So, really, a lot of the infrastructure we've done on the on our platform has just been extending each of those little platform pieces so that they have awareness to how to link over to, a rendering of a notebook and how to, like, link that rendered notebook back into the system. So the new infrastructure we've had to deploy is really around keeping a, the ability to deploy dedicated and ad hoc Jupyter Servers so that we can have servers up that are live and iterative. And then also we've put up, through another interactive open source tool, We use, Commuter, which is a good read only interface for notebooks. And we have a bunch of, a bunch of our assets all live in s 3 and are served through the the commuter interface and kind of like what happened type mode. You can go look at any notebook without accidentally editing or or manipulating the source of truth. I'm trying to think what other, infrastructure we really had to bring up. And then, oh, the other infrastructure we had to do is actually more on the library side, in sense of, like, we wanna support multiple types of kernels.
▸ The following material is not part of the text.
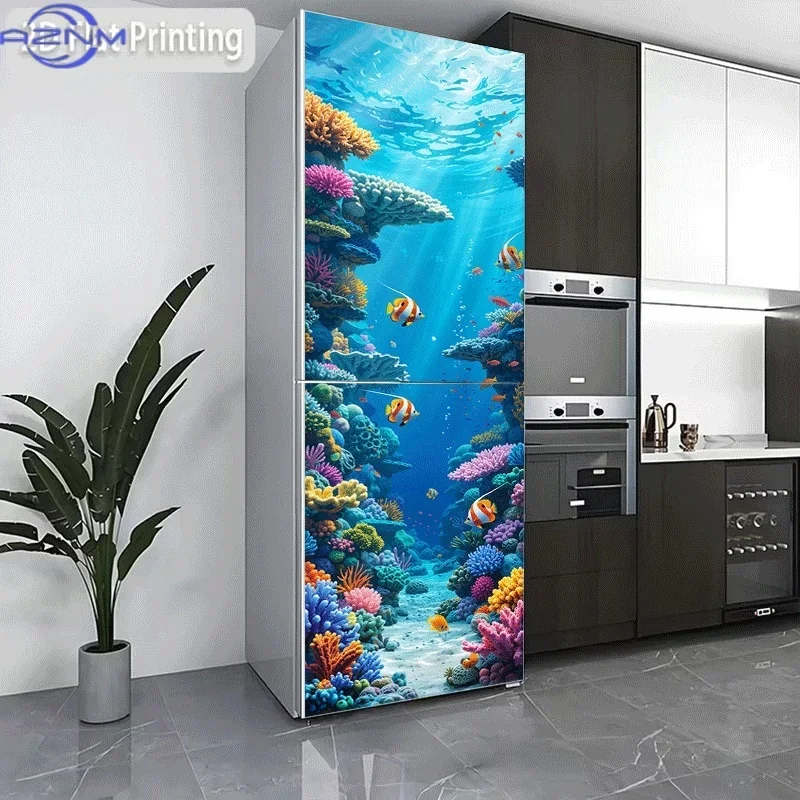 1pc of 2D Pattern Printing Kitchen Refrigerator Sticker Measuring 23.62X70.87 inch, Featuring The Theme 'Colorful Coral Reef F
So, we've done we've been contributing more and more in the Scala space. We're trying to get the community to unite around some Scala kernel improvements and and make that world better. But most of our stuff is running on Python or r that's going to the notebook path. And there, the the kernels are pretty well defined already, though we have some extensions for, like, connecting to specific platform capabilities. In those cases, those were the types of things we had to actually focus on building, and the the rest of the diagram kinda fits. It's like any other tool you would use. You know, we're using s 3 as our store for a lot of things. A lot of our other tools already understand the data that's there and how it's represented. So at the end of the day, the infrastructure we had to add was less than sort of the abstraction concept that we're communicating and and expressing the users.
[00:14:33] Unknown:
And you said that when you first started at Netflix, there was already some discussion and motivation for going down this path of focusing a lot of your use cases and workflows around Jupyter Notebooks. So I'm wondering what was the driving force behind that effort? Was there a particular team that had a specific pain that they were trying to address? And once you did have some momentum behind the implementation, was there any difficulty in getting other teams to buy into this new technical platform?
[00:15:07] Unknown:
Yeah. That's a a really good question. When I joined the so the big data platform team had sort of bought into this there's this great memo that went around that, we had. It was labeled notebooks everywhere, and it it sort of asked the question of why not use a notebook for doing some of the work we're doing. And some of the answers there are, like, well, maybe the editor isn't as nice as my local editor. That's something you could solve or or improve, or it's usually very minor things like linting additions to your interface. Or there might be something like, hey. It's it's hard to test a notebook. And at the time, that that was pretty true, and I think the story has gotten better there. But in general, like, the end the day, it's like we have a lot of machine learning work that's done here, and a lot of the iterative development is in notebooks already. So it was looking at what what will be a shared interface that different teams could all use that they can all agree upon was was a reasonable document to to look at and interact with. And we were looking a lot. The big motivating factor was actually looking forward to how what are the employees going to look like in 2 or 3 years, and what's the distribution? The distribution is not going to be what we have today or had last year, which is more focused on the data engineering side. Netflix has hired a lot more analysts and and kinda content focused oriented developers or people. And there, the technical skill set's different and the the expectation with interfaces is different. And we wanted to emphasize a contract format that was much more shareable and but still familiar to to players that are already in the space that Netflix occupies. So, you you know, stepping back from, like, what motivated this, it motivated that the tools and the way we show how things are run and what was happening were completely alien to a lot of our new, like, fastest growing teams. And once you
[00:16:57] Unknown:
had that unification of the Jupyter Notebook as a common means of different teams being able to build and execute their different projects, Did you find that there was the opportunity for consolidating or sharing a lot of existing work between those different roles?
[00:17:17] Unknown:
Actually, I think this kinda leads into the part I didn't answer in the last part, which was was there any kind of resistance to adopting notebooks? And I think this plays into how well has it been adopted. And I think we're still actually decently early on that story at Netflix in the sense that we have infrastructure that's now making this usable and everyone, but I wouldn't say the majority of people on their everyday development, like, go to a notebook. But I would say that now a large percentage of users are familiar with notebooks as the way to understand what happened in the platform or at least are becoming familiar. And I think there, the initial resistance was that not to the idea of the notebook, it was to the idea of how you develop with a notebook or iterate on notebooks.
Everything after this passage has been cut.